● Given data
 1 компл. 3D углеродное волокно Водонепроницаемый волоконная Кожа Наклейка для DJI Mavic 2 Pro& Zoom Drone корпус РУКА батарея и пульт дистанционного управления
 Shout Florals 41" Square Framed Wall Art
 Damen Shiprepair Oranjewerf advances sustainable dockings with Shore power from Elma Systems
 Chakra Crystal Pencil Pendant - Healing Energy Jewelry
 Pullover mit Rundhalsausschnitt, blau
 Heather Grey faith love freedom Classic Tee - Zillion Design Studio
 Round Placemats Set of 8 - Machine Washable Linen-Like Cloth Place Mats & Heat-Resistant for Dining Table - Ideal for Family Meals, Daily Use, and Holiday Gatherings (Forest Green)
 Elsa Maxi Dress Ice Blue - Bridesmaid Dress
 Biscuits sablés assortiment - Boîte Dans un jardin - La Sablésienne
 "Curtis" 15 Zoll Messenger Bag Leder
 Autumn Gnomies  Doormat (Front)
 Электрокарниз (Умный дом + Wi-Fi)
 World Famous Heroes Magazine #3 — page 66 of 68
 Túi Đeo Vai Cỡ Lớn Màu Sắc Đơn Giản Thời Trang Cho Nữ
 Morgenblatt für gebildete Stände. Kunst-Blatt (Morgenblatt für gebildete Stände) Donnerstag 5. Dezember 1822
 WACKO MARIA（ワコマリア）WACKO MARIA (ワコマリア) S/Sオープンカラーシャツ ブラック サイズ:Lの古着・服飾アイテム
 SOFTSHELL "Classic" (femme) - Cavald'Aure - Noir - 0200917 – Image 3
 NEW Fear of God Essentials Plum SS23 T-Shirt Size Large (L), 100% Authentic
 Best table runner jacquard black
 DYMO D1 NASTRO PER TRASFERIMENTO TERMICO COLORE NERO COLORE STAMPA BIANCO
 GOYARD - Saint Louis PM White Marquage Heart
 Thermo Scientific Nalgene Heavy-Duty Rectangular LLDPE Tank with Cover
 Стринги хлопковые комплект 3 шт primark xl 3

● Task requirements
Find the line that contains "Thermo Scientific Nalgene". Copy it and every line after it to the end of the records, exactly, and nothing more.

● Solution to this problem
 Thermo Scientific Nalgene Heavy-Duty Rectangular LLDPE Tank with Cover
 Стринги хлопковые комплект 3 шт primark xl 3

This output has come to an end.